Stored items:

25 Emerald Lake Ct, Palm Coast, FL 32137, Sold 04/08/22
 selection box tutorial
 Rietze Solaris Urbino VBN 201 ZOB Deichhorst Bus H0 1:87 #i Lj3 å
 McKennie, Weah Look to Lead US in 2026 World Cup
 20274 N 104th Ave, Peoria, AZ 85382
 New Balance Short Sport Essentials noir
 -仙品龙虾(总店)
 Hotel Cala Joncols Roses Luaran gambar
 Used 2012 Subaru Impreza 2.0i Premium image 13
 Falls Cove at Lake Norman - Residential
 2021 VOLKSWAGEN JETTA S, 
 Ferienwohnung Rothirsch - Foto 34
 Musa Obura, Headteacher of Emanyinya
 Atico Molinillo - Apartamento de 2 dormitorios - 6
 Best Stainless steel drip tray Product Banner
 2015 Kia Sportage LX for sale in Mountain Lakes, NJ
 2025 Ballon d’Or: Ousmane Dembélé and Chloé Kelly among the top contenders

▸ The problem
Write out exactly the lines of the entries above that run from the line containing "Used 2012 Subaru" through the last line, including both.

▸ Solution
 Used 2012 Subaru Impreza 2.0i Premium image 13
 Falls Cove at Lake Norman - Residential
 2021 VOLKSWAGEN JETTA S, 
 Ferienwohnung Rothirsch - Foto 34
 Musa Obura, Headteacher of Emanyinya
 Atico Molinillo - Apartamento de 2 dormitorios - 6
 Best Stainless steel drip tray Product Banner
 2015 Kia Sportage LX for sale in Mountain Lakes, NJ
 2025 Ballon d’Or: Ousmane Dembélé and Chloé Kelly among the top contenders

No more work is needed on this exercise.